• **INSTRUCTIONS TO FOLLOW**: Once the line holding "Kidsatelier-tulleen-MTNA52012-Purple-sofia-bow-dress" is found, output it and all remaining lines of the data exactly, with every picture left out.

• **EXERCISE INPUT**:
+ + +

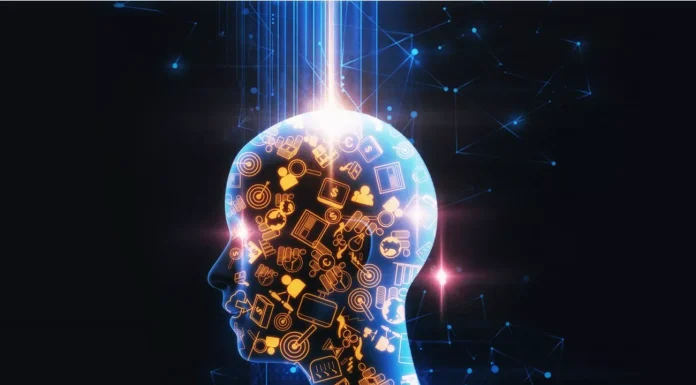 برطرفسازی چالشهای بانکداری، بیمه خودرو و کنترل ترافیک با هوش مصنوعی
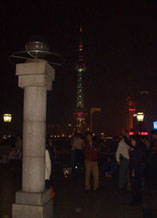 d0037486_19164294.jpg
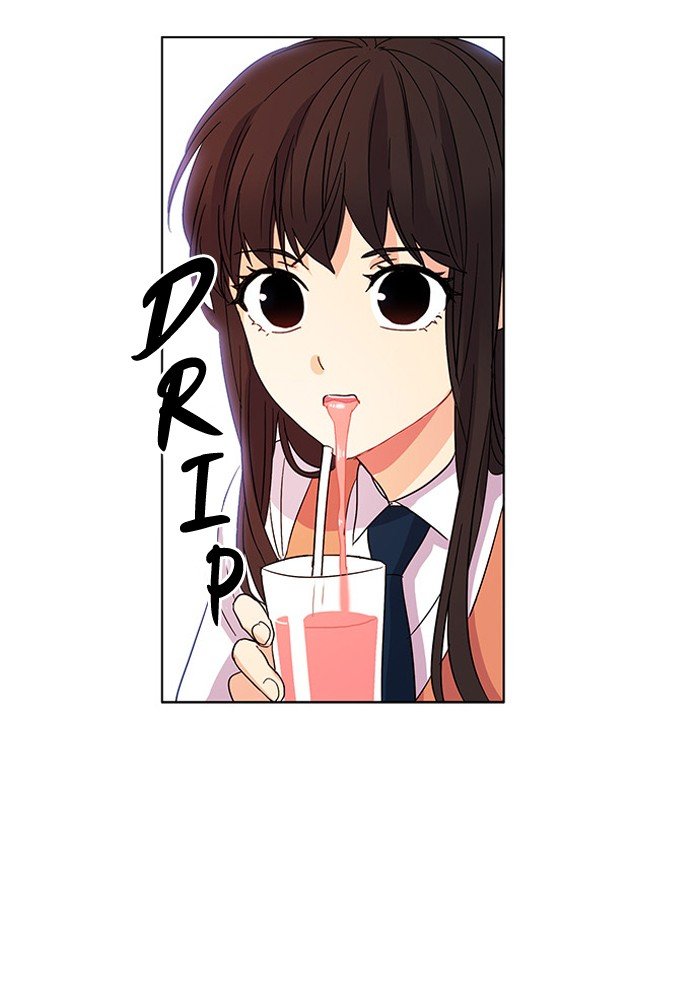 Read Oh! Holy (en) Manga Online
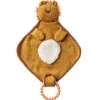 Best Knitted Nursery - Lovey Plush Toys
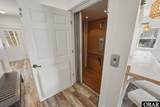 27004 Ocean Street - Photo 45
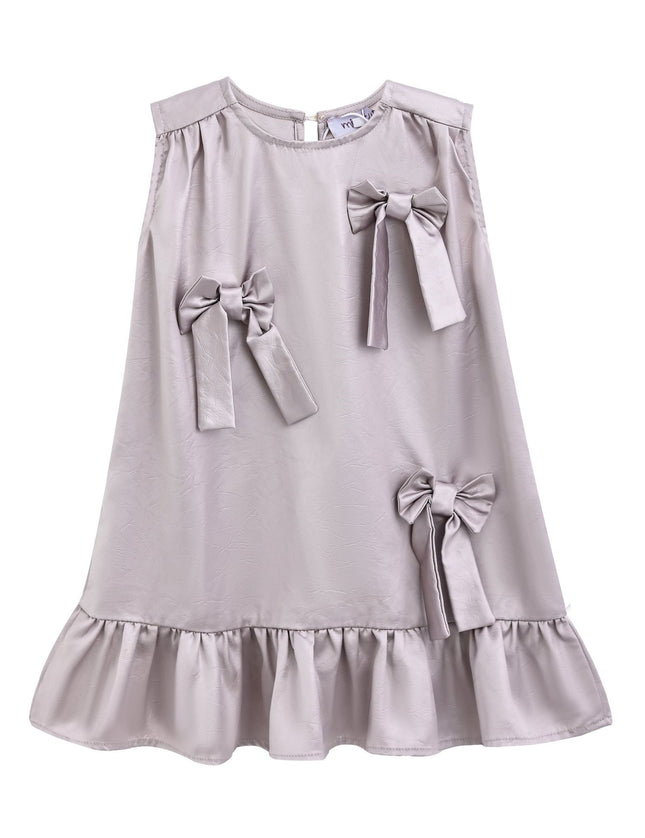 Kidsatelier-tulleen-MTNA52012-Purple-sofia-bow-dress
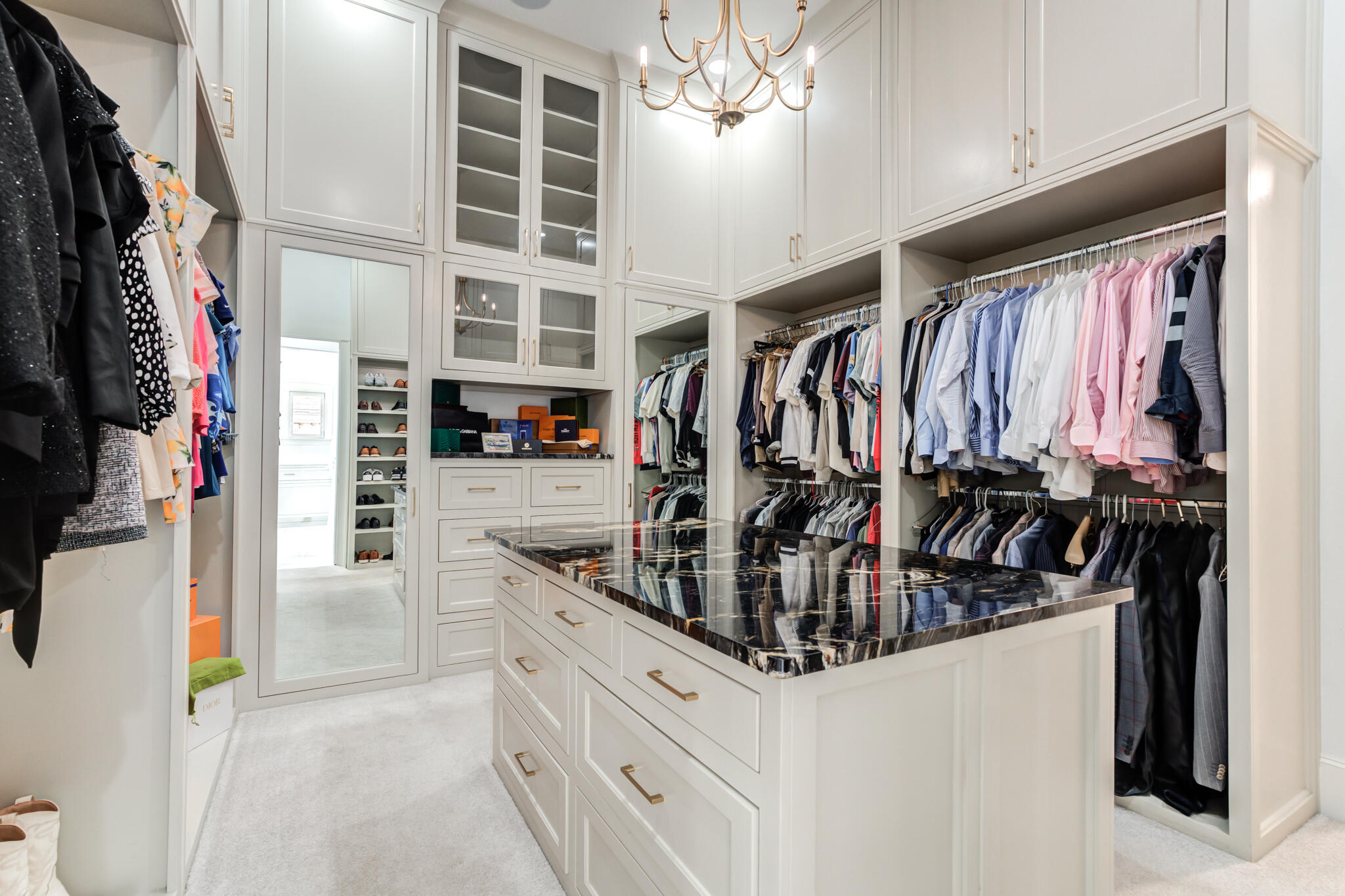 4003 104th Street Lubbock, TX 79423 - Photo 80 of 111 4003-104th-St_Lubbock-TX_77_Primary-Clos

+ + +

• **WORKED SOLUTION**:
 Kidsatelier-tulleen-MTNA52012-Purple-sofia-bow-dress
 4003 104th Street Lubbock, TX 79423 - Photo 80 of 111 4003-104th-St_Lubbock-TX_77_Primary-Clos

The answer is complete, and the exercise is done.